Segment Start: Dataset excerpts

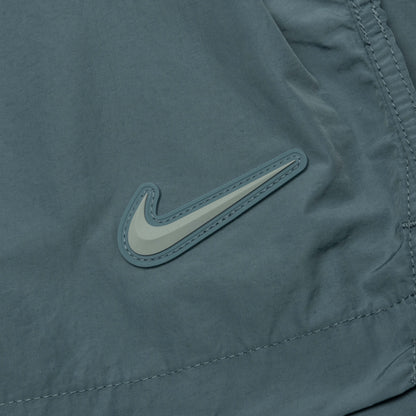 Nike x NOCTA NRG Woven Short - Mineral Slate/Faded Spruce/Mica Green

Segment End: Dataset excerpts
Segment Start: Dataset excerpts

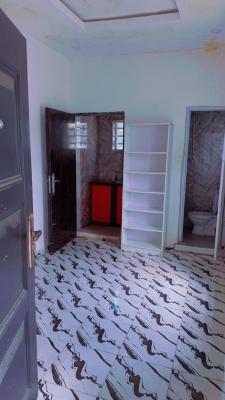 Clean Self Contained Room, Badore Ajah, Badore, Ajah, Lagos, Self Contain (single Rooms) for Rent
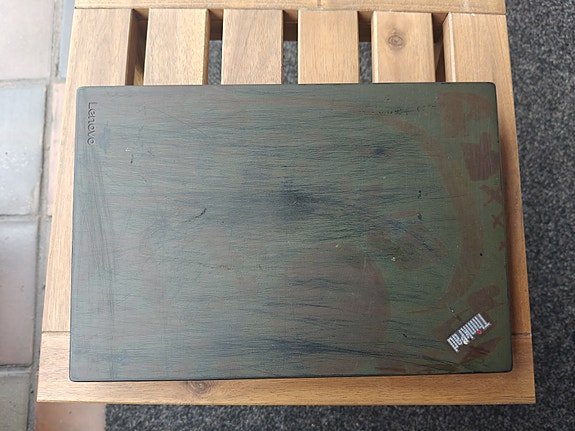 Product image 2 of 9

Segment End: Dataset excerpts
Segment Start: Dataset excerpts

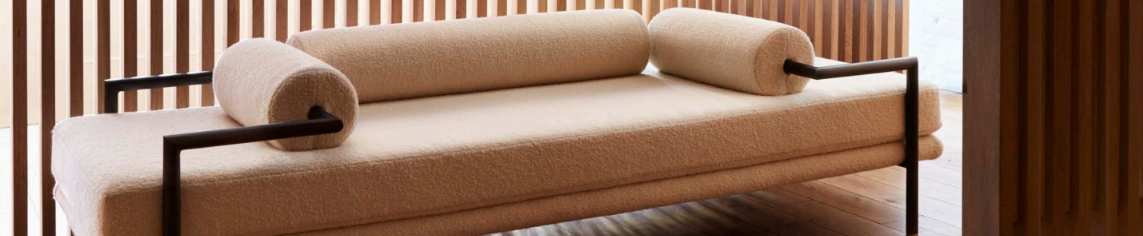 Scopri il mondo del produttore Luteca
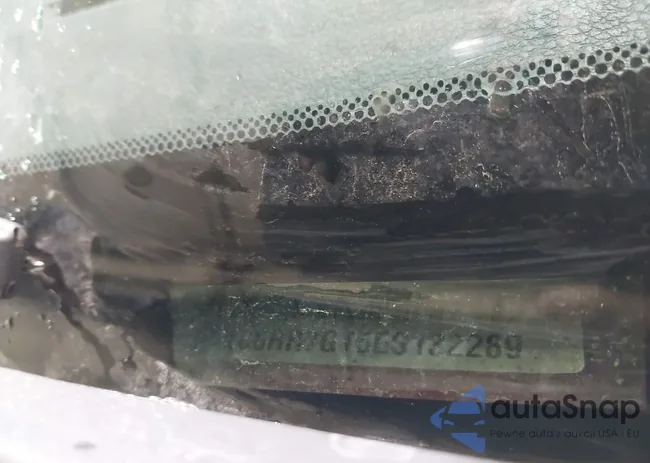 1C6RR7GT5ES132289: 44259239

Segment End: Dataset excerpts

Activity: Take the material above from the line containing "Clean Self Contained" up to and including the line containing "Product image 2 of 9" and retype it exactly, without any pictures.

Response to the task:
 Clean Self Contained Room, Badore Ajah, Badore, Ajah, Lagos, Self Contain (single Rooms) for Rent
 Product image 2 of 9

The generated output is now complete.